> [Aim of the task] Retype every record exactly. Leave the pictures out.

> [Exercise material]
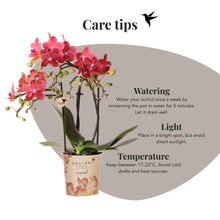 Kolibri Orchids Phalaenopsis Congo Rood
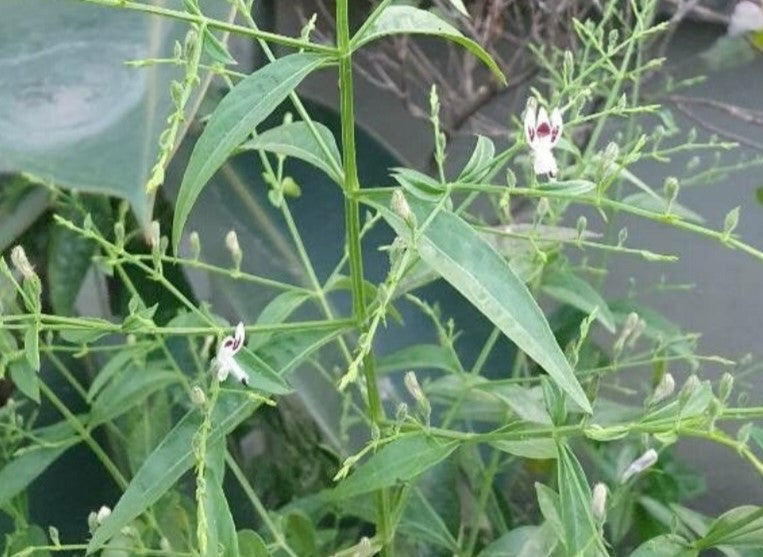 Brodziuszka wiechowata Andrographis paniculata suplement odporność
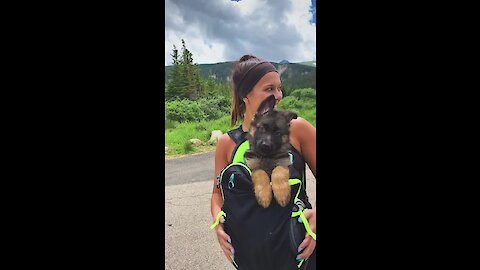 German Shepherd puppy goes on first hiking trip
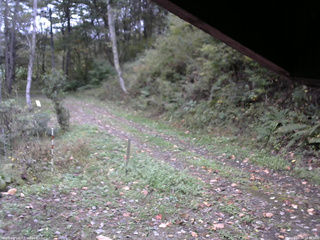 長野県菅平高原 ゆたか山荘 東側(坂下) 2025/10/14 14:45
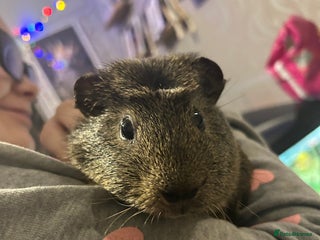 Guinea Pig rodents Male guinea pig - Advert 15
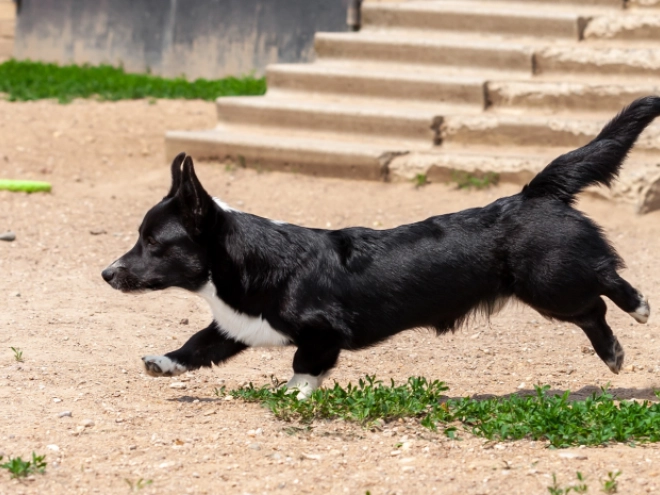 Welsh Corgi puppy for sale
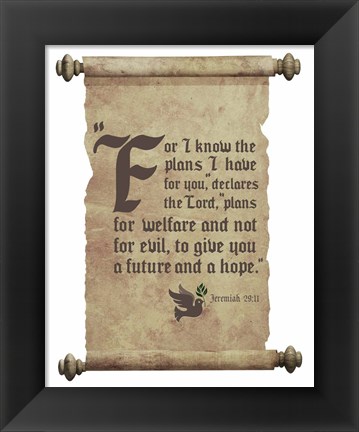 Framed Jeremiah 29:11 For I know the Plans I have for You (Dove on Scroll) Print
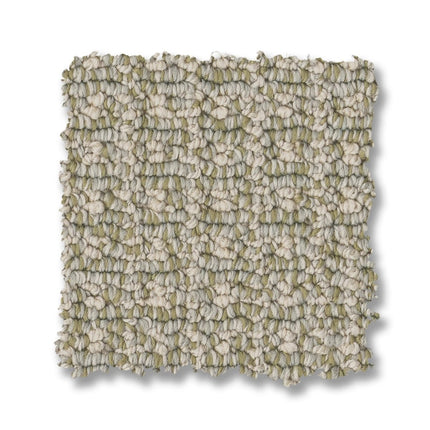 Fetch - ZZ074_00312-Carpet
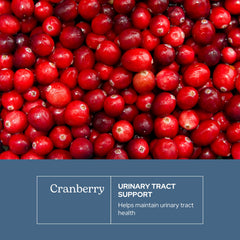 Eclectic Institute Cranberry freeze-dried close-up—fresh nutrients locked in.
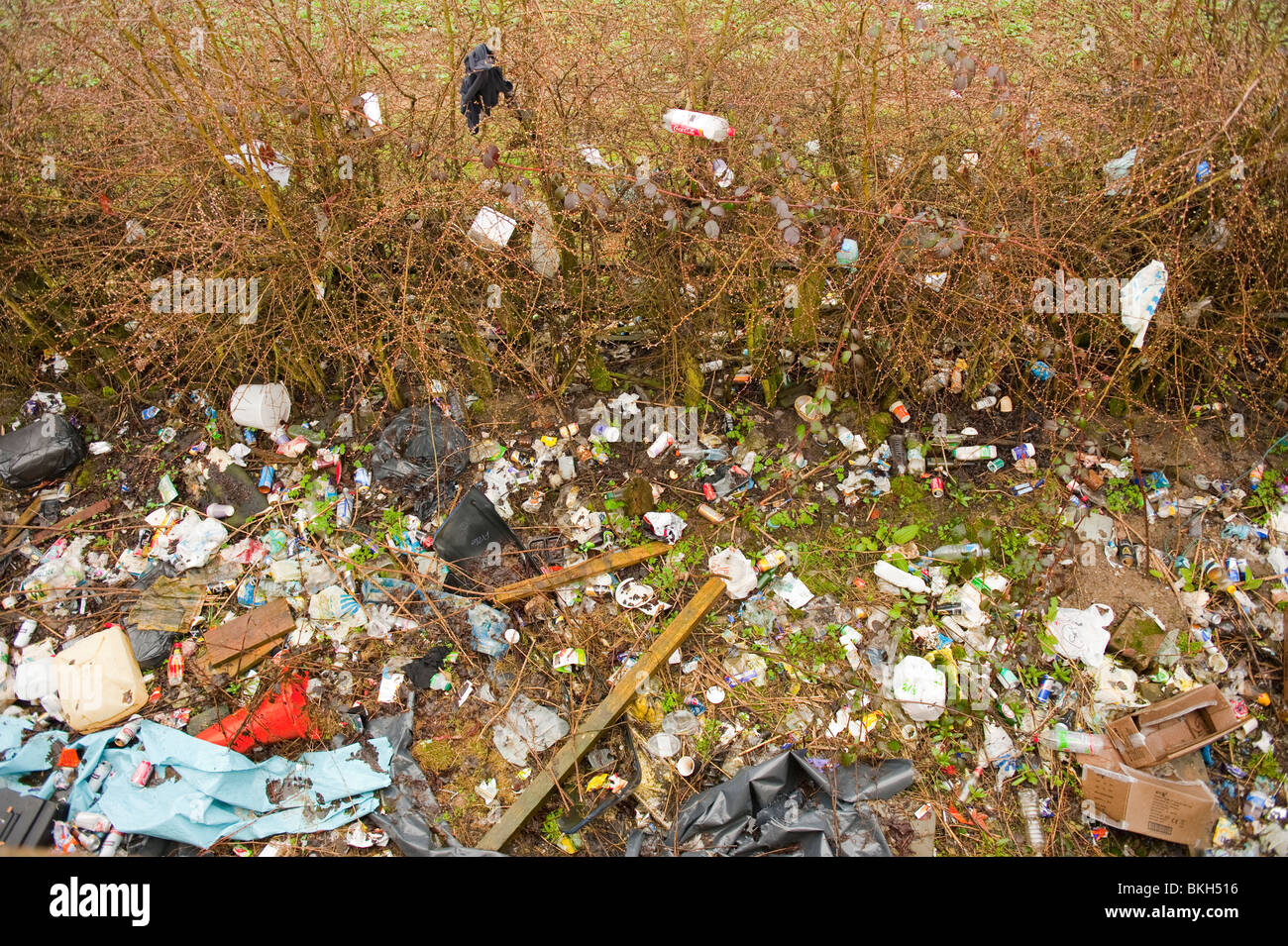 Les déchets et détritus le long des routes faisant l'aire hedge UK Banque D'Images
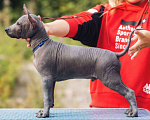 Собаки в Выборге: Кобель стандартного размера Мальчик, 100 000 руб. - фото 1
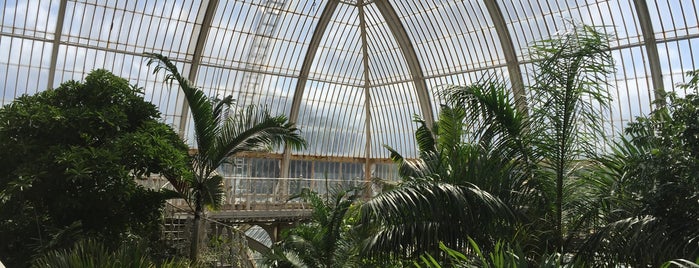 Palm House is one of Serres et verrières🌿.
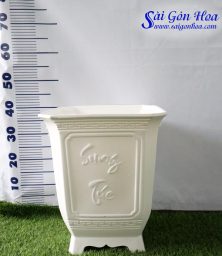 chau nhua vuong tu quy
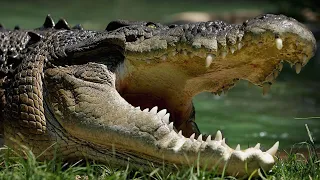 Crocodile attacks man and dog in Far North Queensland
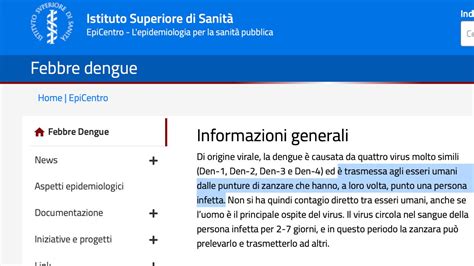 La Dengue Si Trasmette Alle Persone Da Una Zanzara Che Ha Punto Una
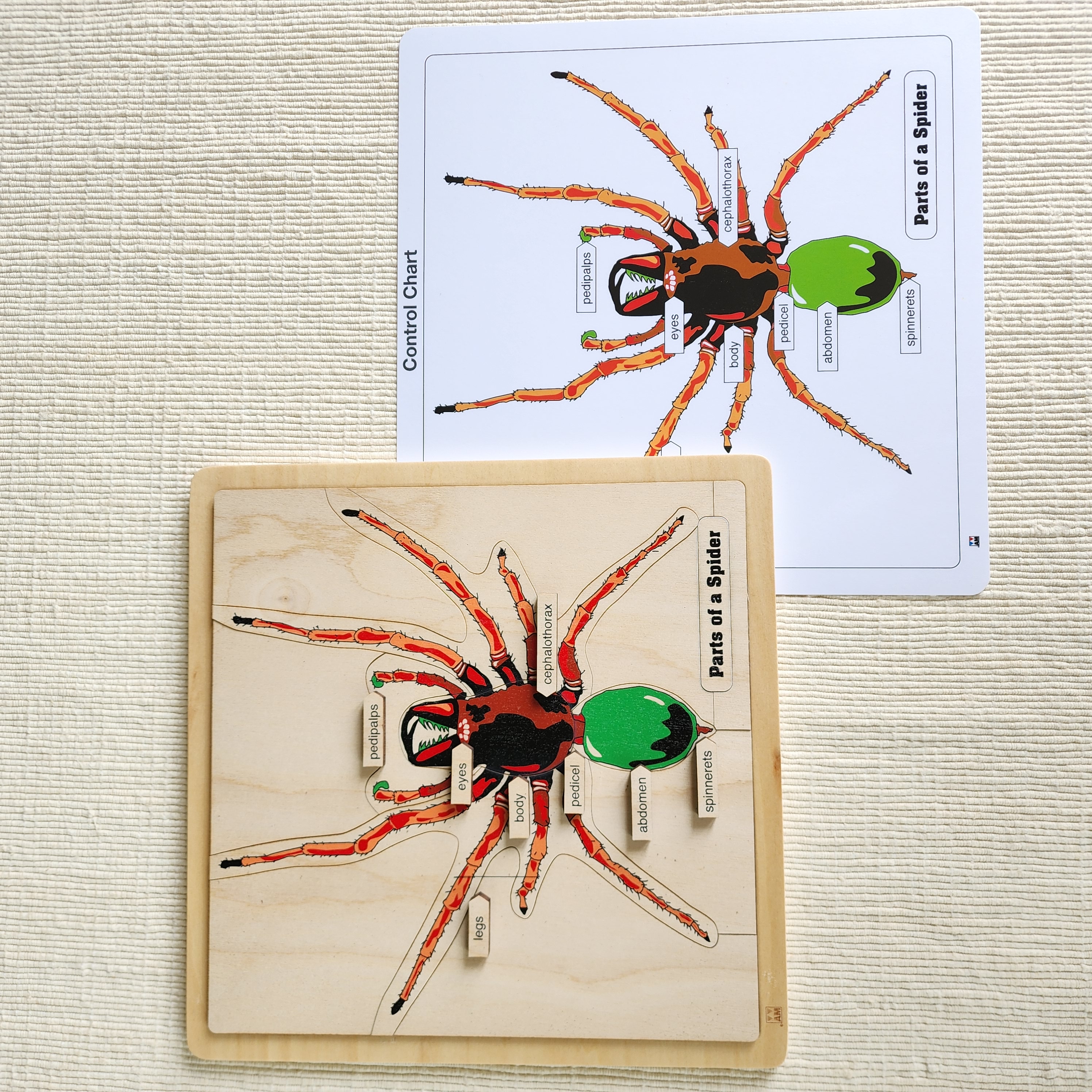 Parts of a Spider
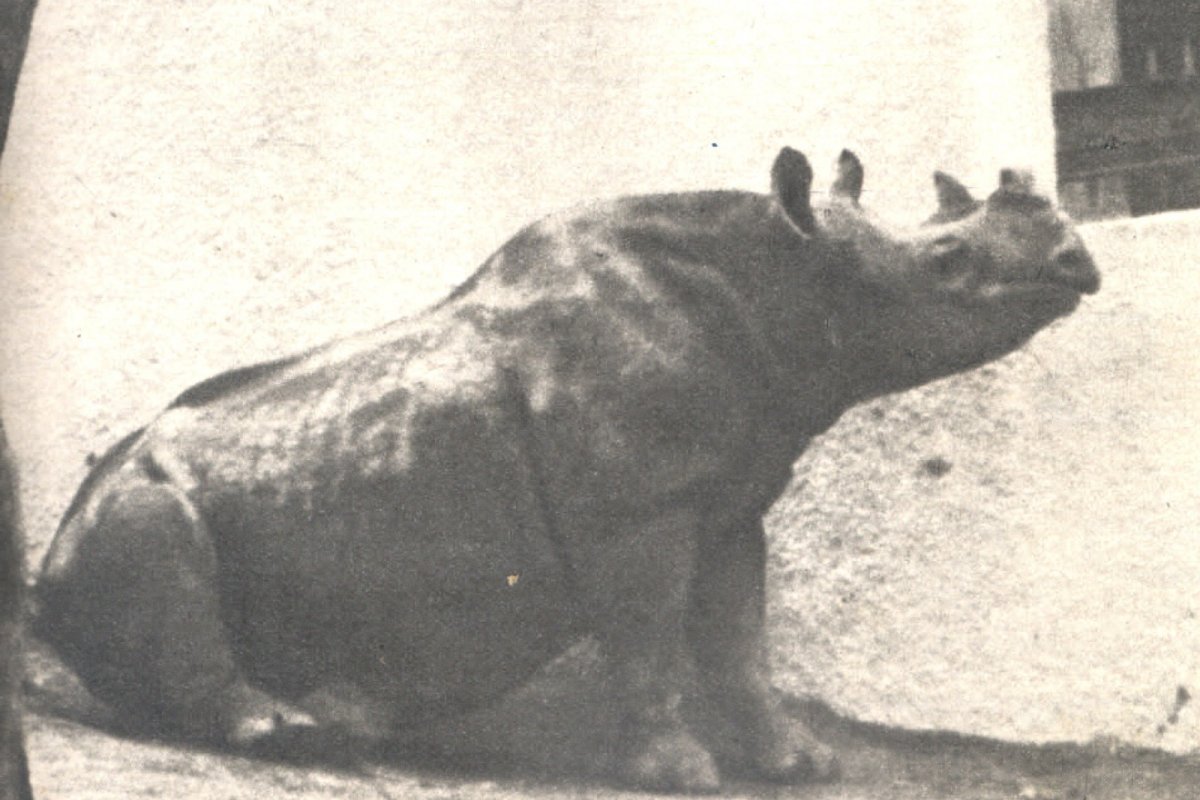 Em SP, 'eleição' da rinoceronte Cacareco para a Câmara completa 60 anos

> [Task result]
 Kolibri Orchids Phalaenopsis Congo Rood
 Brodziuszka wiechowata Andrographis paniculata suplement odporność
 German Shepherd puppy goes on first hiking trip
 長野県菅平高原 ゆたか山荘 東側(坂下) 2025/10/14 14:45
 Guinea Pig rodents Male guinea pig - Advert 15
 Welsh Corgi puppy for sale
 Framed Jeremiah 29:11 For I know the Plans I have for You (Dove on Scroll) Print
 Fetch - ZZ074_00312-Carpet
 Eclectic Institute Cranberry freeze-dried close-up—fresh nutrients locked in.
 Les déchets et détritus le long des routes faisant l'aire hedge UK Banque D'Images
 Собаки в Выборге: Кобель стандартного размера Мальчик, 100 000 руб. - фото 1
 Palm House is one of Serres et verrières🌿.
 chau nhua vuong tu quy
 Crocodile attacks man and dog in Far North Queensland
 La Dengue Si Trasmette Alle Persone Da Una Zanzara Che Ha Punto Una
 Parts of a Spider
 Em SP, 'eleição' da rinoceronte Cacareco para a Câmara completa 60 anos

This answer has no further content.